An exact copy of every record below is needed, with the pictures left out.

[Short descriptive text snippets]
——

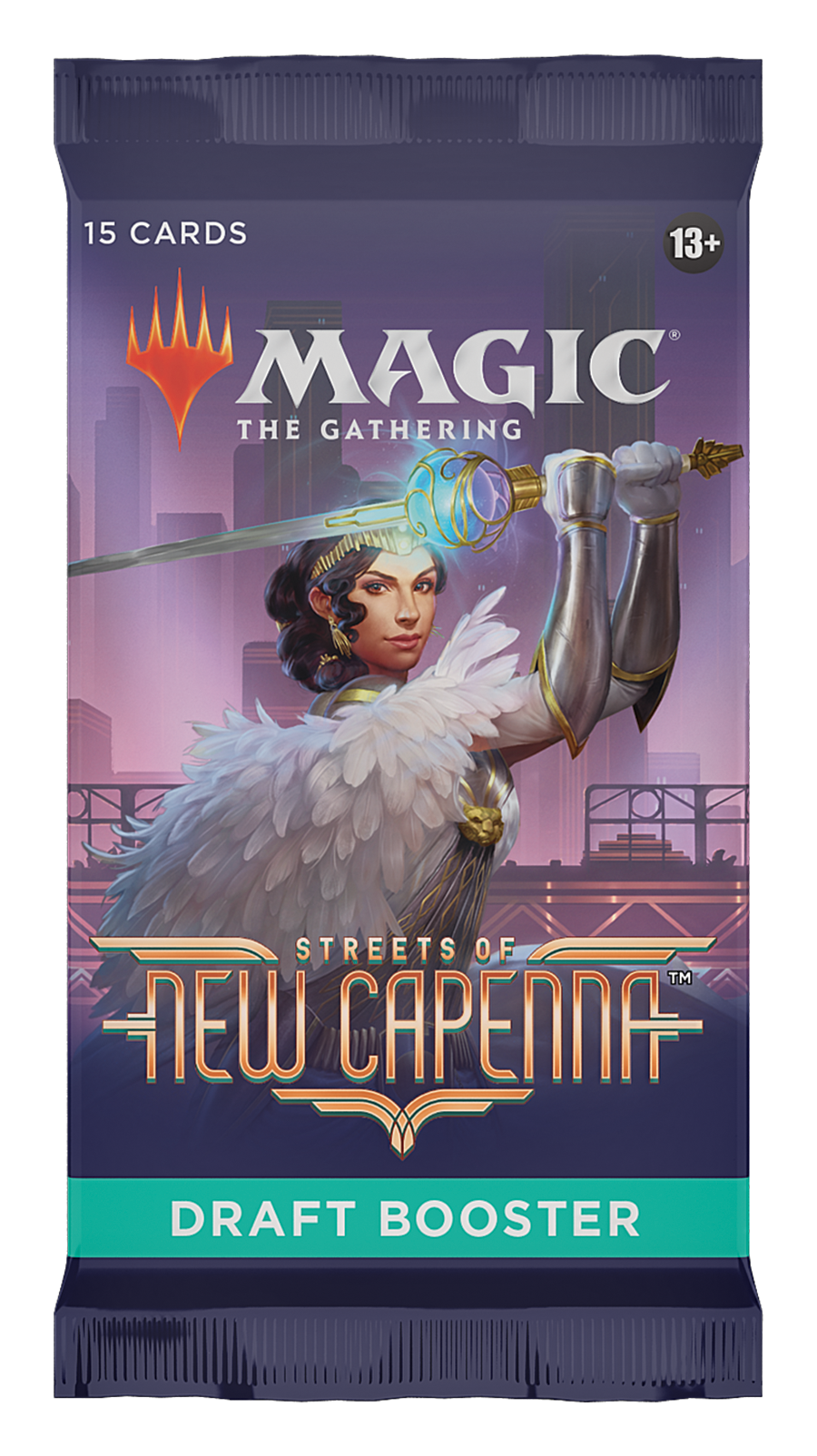 Streets of New Capenna - Draft Booster Pack | Rock City Comics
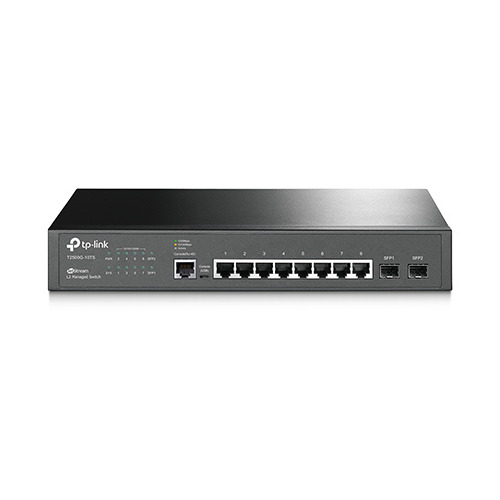 

Коммутатор TP-LINK T2500G-10TS, T2500G-10TS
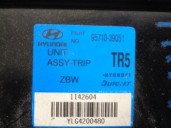 Recambio de pantalla multifuncion para hyundai xg 3.5 v6 cat referencia OEM IAM 9571039051  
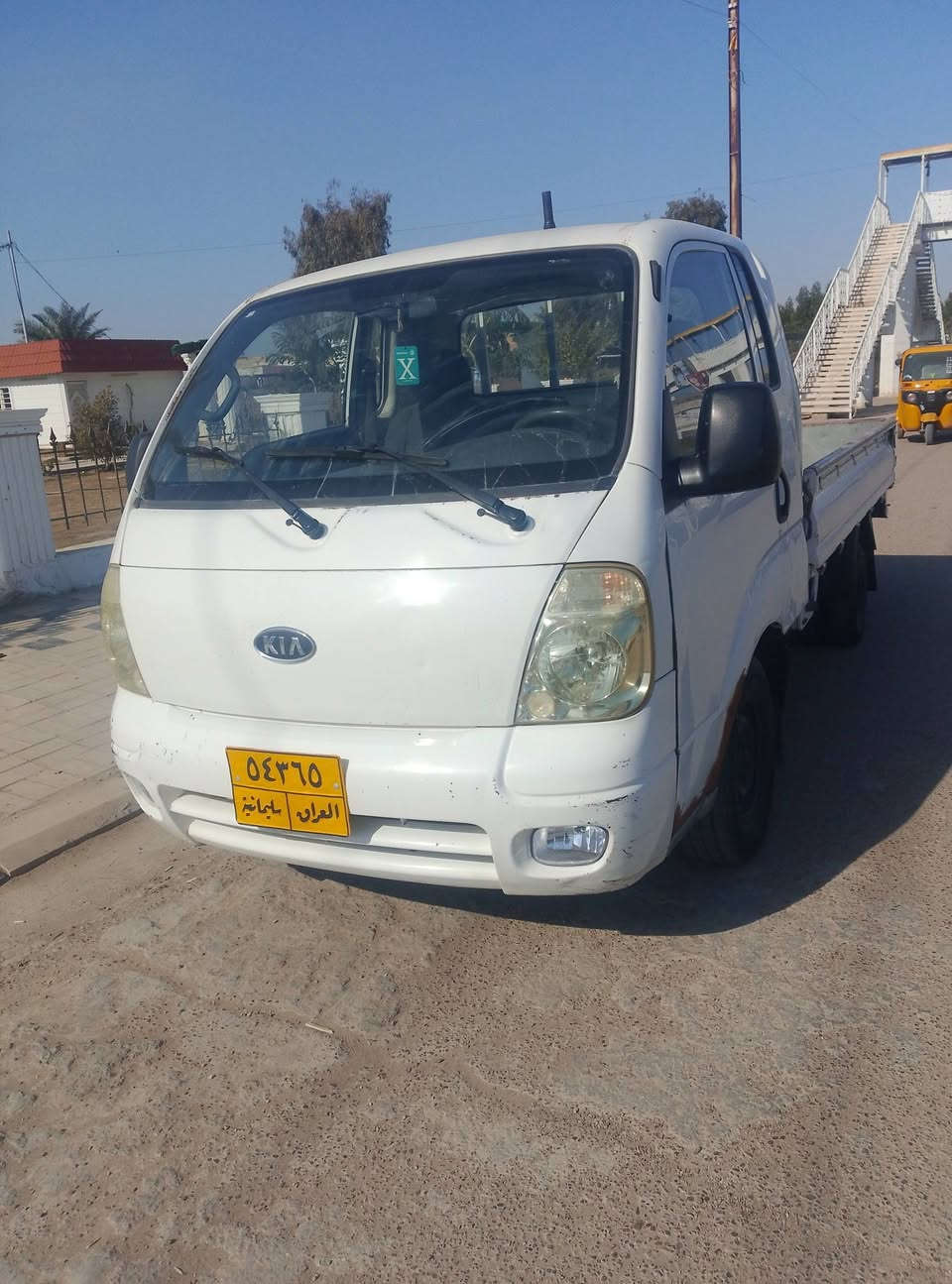 سلام عليكم كيه معروضة للبيع رقم سليمانية موديل 2011مكينه وكير جدد تخم تاير جديد مكفوله كفاله عامه سياره جديده معنه كلمه مال جناي مانقصها برغي عنوان سياره واسط سعر سياره 70وبيها مجال رقم صاحب سياره موجود يمك ***********
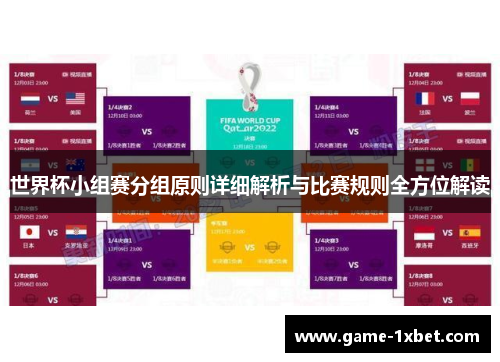 世界杯小组赛分组原则详细解析与比赛规则全方位解读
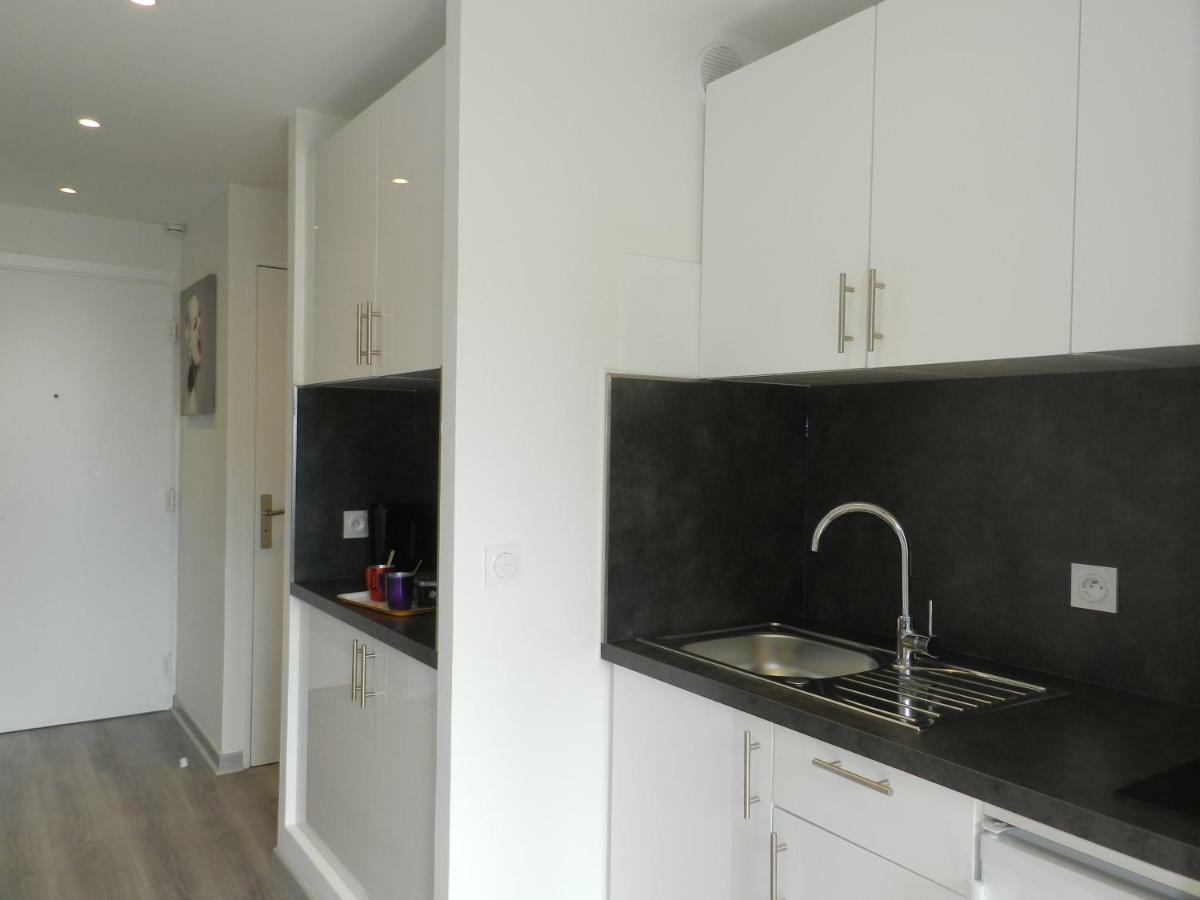 Beautiful 1 Bedroom Flat Nice Exterior foto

——

▶ _Response_
 Streets of New Capenna - Draft Booster Pack | Rock City Comics

Коммутатор TP-LINK T2500G-10TS, T2500G-10TS
 Recambio de pantalla multifuncion para hyundai xg 3.5 v6 cat referencia OEM IAM 9571039051  
 سلام عليكم كيه معروضة للبيع رقم سليمانية موديل 2011مكينه وكير جدد تخم تاير جديد مكفوله كفاله عامه سياره جديده معنه كلمه مال جناي مانقصها برغي عنوان سياره واسط سعر سياره 70وبيها مجال رقم صاحب سياره موجود يمك ***********
 世界杯小组赛分组原则详细解析与比赛规则全方位解读
 Beautiful 1 Bedroom Flat Nice Exterior foto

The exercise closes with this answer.